Ep. 20 Travel Episode, You gotta Eat Here: South Florida and My Mixed Grill & Salad Bar
There's no place on earth like South Florida. The beaches are like sugar, the water is so blue and beautiful and the sunshine is abundant. I have been making the pilgrimage annually to get a break from the snow. I am always delighted with the produce and seafood that is in season during the winter. Strawberries are sweet, Oranges are around that I have never heard of and the fish is fresh and plentiful.
I hang out in between Sarasota and Ft. Meyers in a sleepy little community called Englewood. I love the slower pace and the neighborhood of Old Englewood is still a bit of a secret because the vibe is what I call Floridiana; houses, and buildings from the 40ties and 50ties all the way up to fancy gated luxury golf communities.

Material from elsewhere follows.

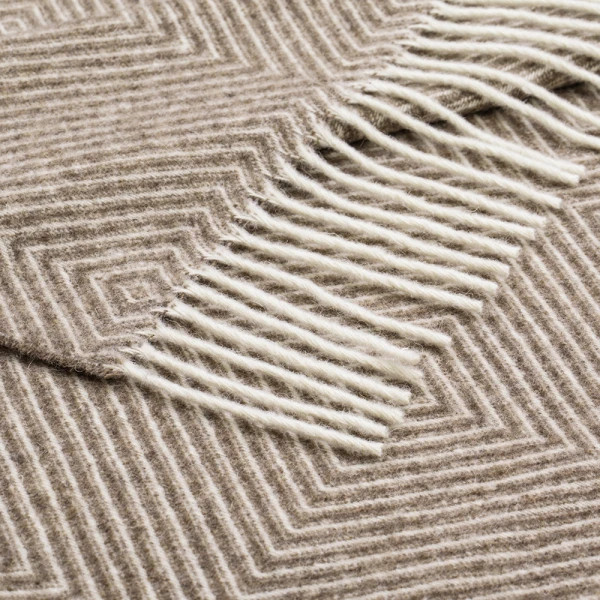 Плед мериносовий Love You РОМБ 4235 140х200 см коричневий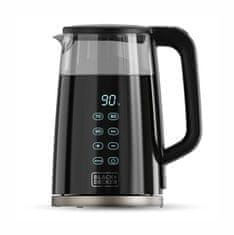 Black+Decker Električni kotliček Black+Decker BXKE2206E, 2200 W, 1.7 L, 7 nastavitev temperature, samodejno izklop.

I love being able to walk to the Tiki Bar on the water and hop in the car 10 minutes to Manasota Beach. One of my friends gave me the idea of breakfast on the beach, which was brilliant because to get the free parking spots close to the beach, one has to be out of the house by 7:30 am in high season! Sunset happy hour is also a favorite, the crowds thin out and the birds are looking for their supper on the water.
My days are filled with walking in the nearby beach parks, kayaking, swimming, and shopping of course.
I highly recommend kayaking in the mangroves on Lido Key near Sarasota, it's a 2 hour guided tour with a guide who gives you the history of the Ringling family who owned the area way back when. Breakfast before in St. Armand's Circle is also a must. It's a great walking neighborhood to view some of the classic Florida flora and gracious homes of the area.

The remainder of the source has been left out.